3. Da das Loch nun so groß ist, dass der Zierrahmen es nach unten hin nicht mehr komplett abdecken kann - dummerweise befindet sich genau dahinter die Skalenbeleuchtung, muss man dafür sorgen, dass hier kein Licht durch den später wieder auf die Schallwand gespannten Stoff durchdringt. Ich habe dort einfach ein passendes Stück Pappe eingeklebt.

4. Bevor der Stoff (wieder) neu auf die Schallwand aufgebracht wird, sollte durch Probieren die genaue Position der Anzeigeröhre sowie die des Zierrahmens ermittelt und das neue Befestigungsloch markiert und vorgebohrt werden. Bei mir ergab sich ein Versatz von ca. 10mm nach oben bezogen auf das alte Befestigungsloch (siehe Pfeil 1 im Foto oben). Wohlgemerkt geht trotzdem noch alles sehr knapp zu, aber das Antriebsrad des Drehkos läuft frei. Das ist sehr wichtig, da sonst beim Abstimmen durch das Aneinander-Reiben sehr eigenartige Geräusche auftreten können.

5. Stoff wieder aufkleben (ich habe gleich neuen Stoff verwendet) und den Zierrahmen an vorgemerkter Position (siehe Punkt 4) einkleben.

6. Schallwand mit Lautsprecher versehen und wieder im Gehäuse montieren, Chassis einbauen und dabei Anzeigeröhre an ihrer neue Stelle befestigen.

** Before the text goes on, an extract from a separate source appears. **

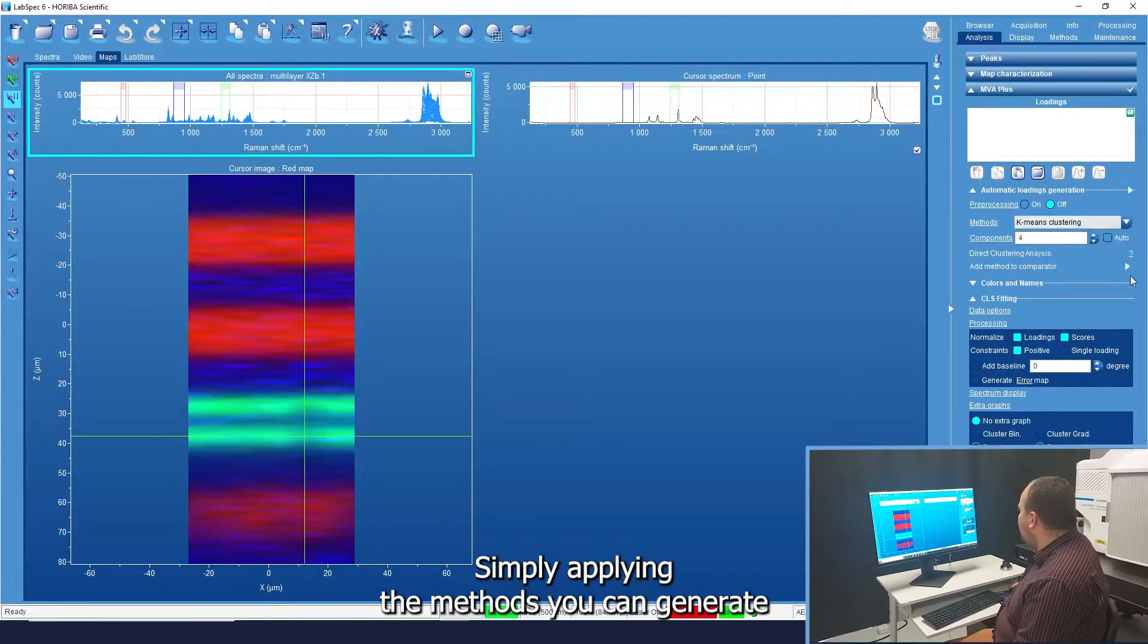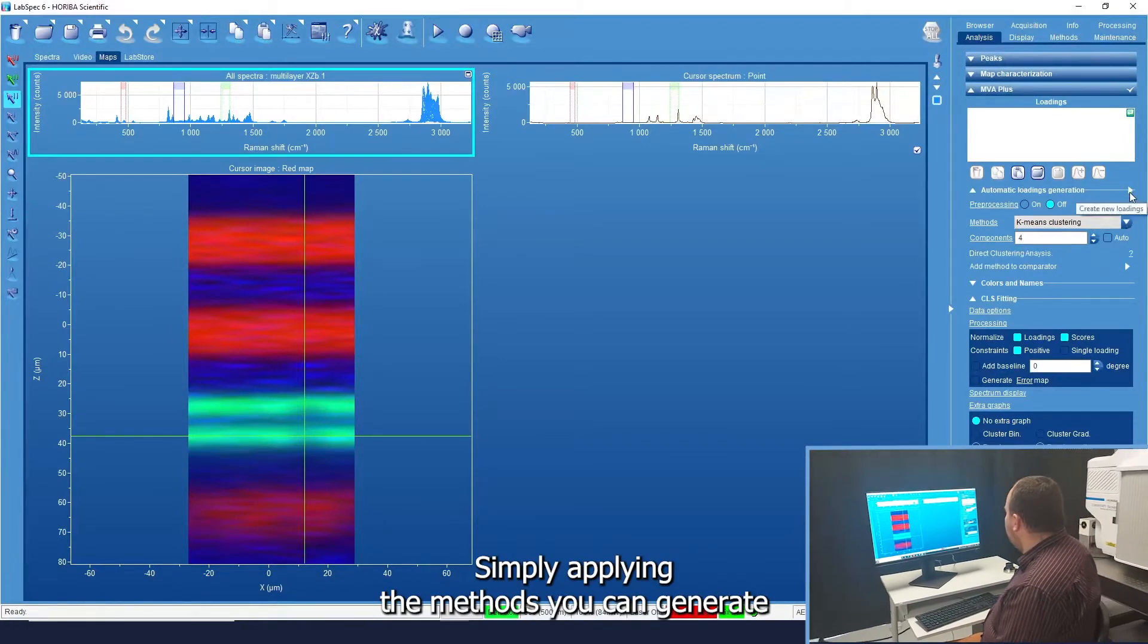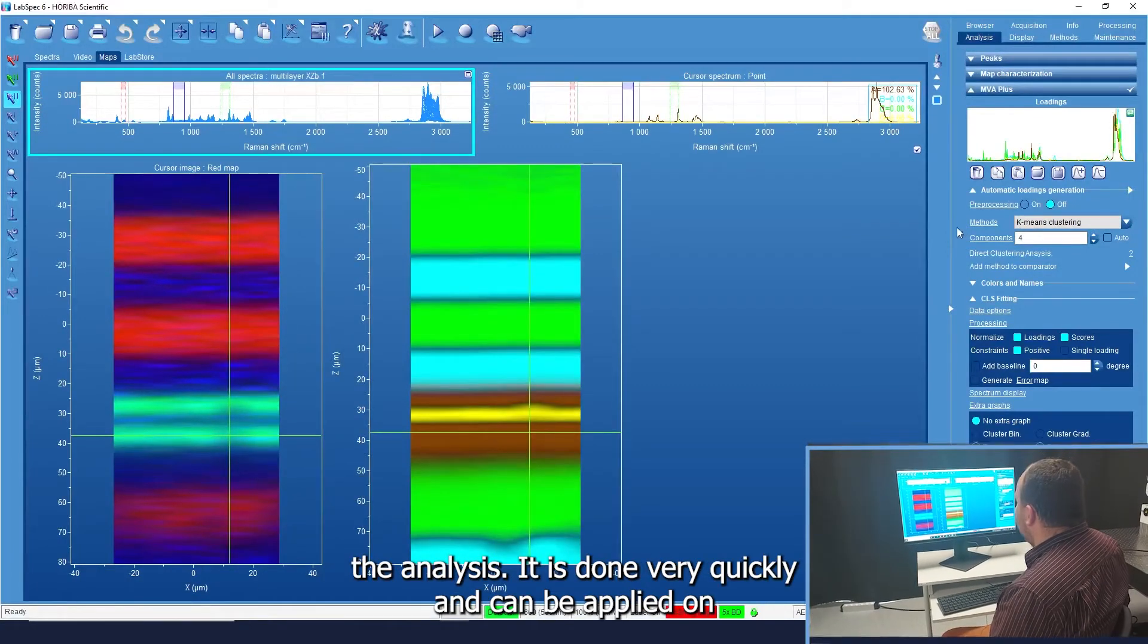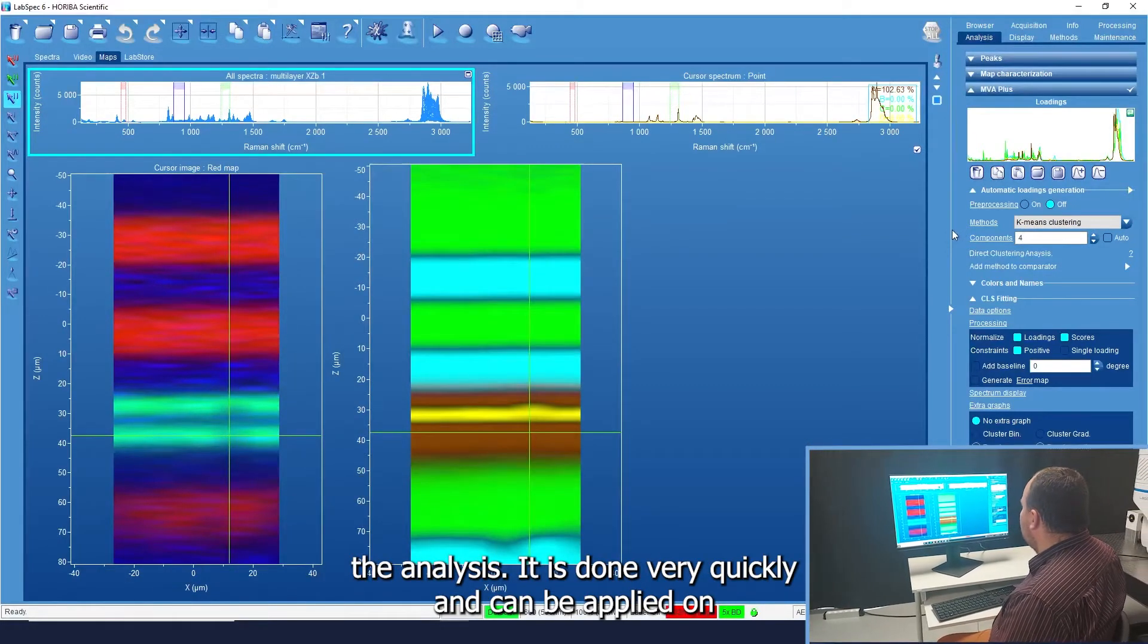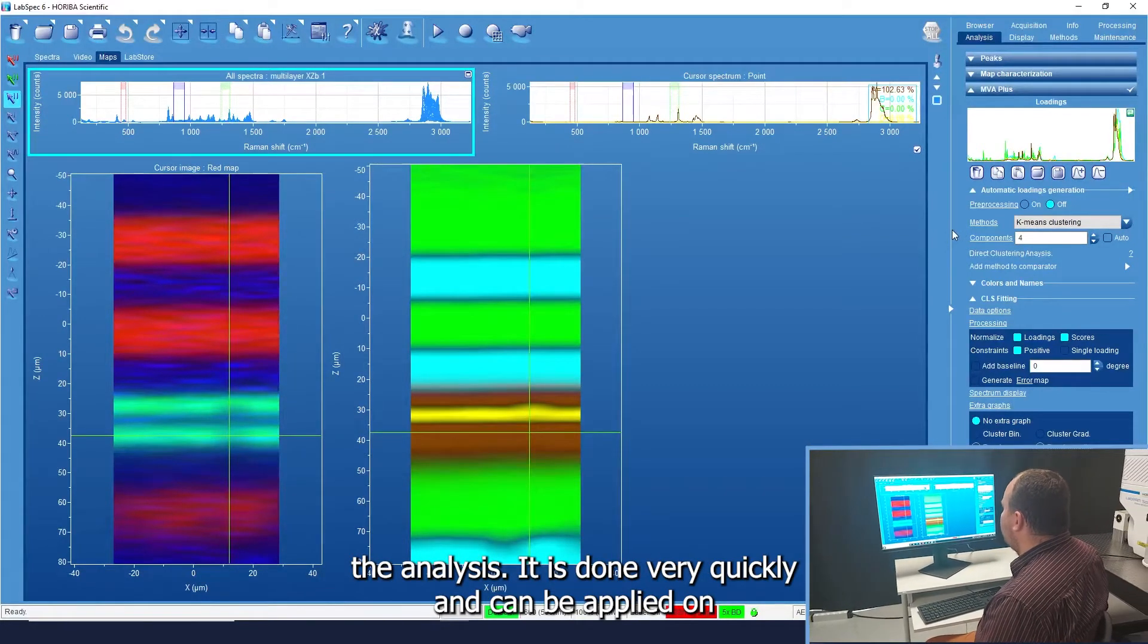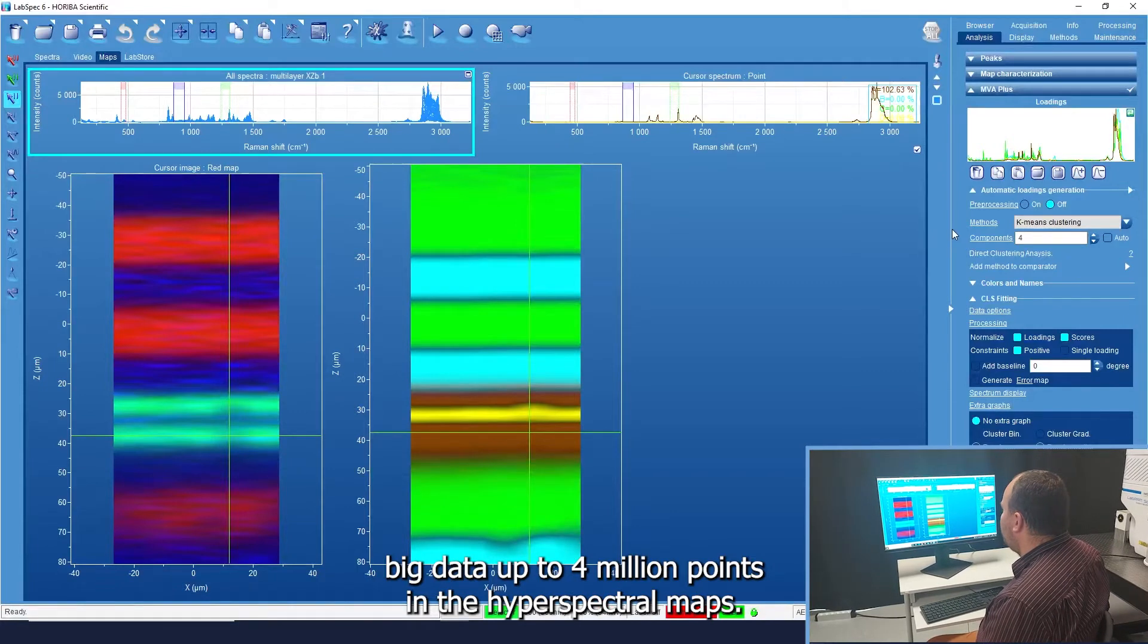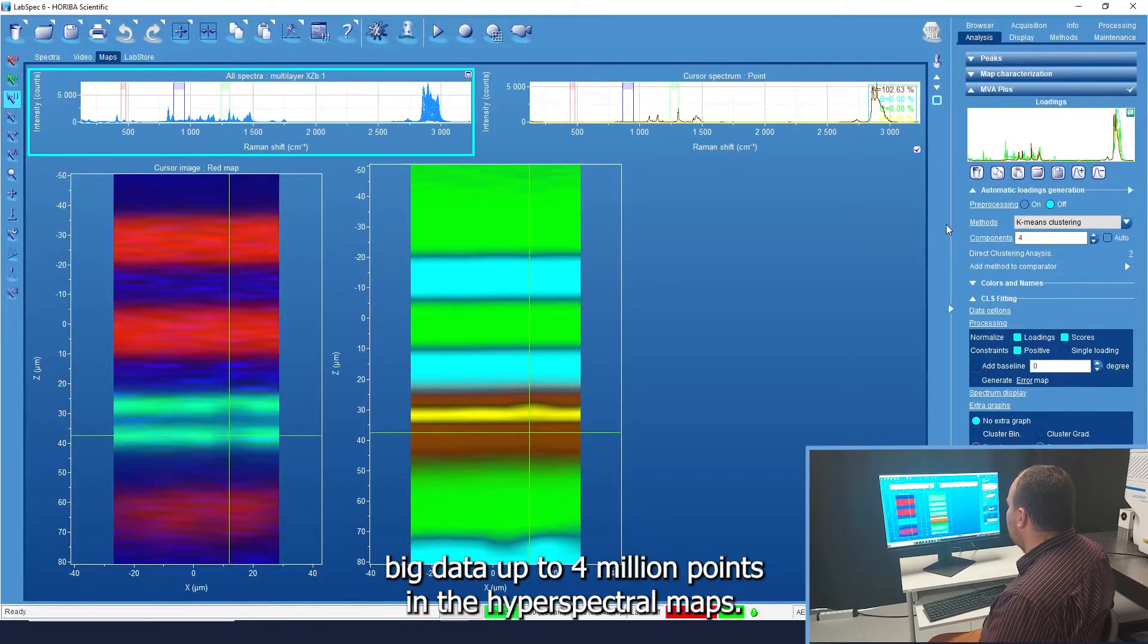Simply applying the methods, you can generate the analysis. It's done very quickly and it can be applied on big data that has up to 4 million points in the hyperspectral maps.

Bei meinem Gerät sah es nach der "Operation" so aus:

Möglicherweise ist dies nicht bei allen Anzeigeröhren aus Russland so. Falls jemand andere Erfahrungen mit diesen Röhren gemacht hat, wäre es schön, wenn es auch andere potenzielle Käufer eines solchen Modells über diesen Thread erfahren könnten.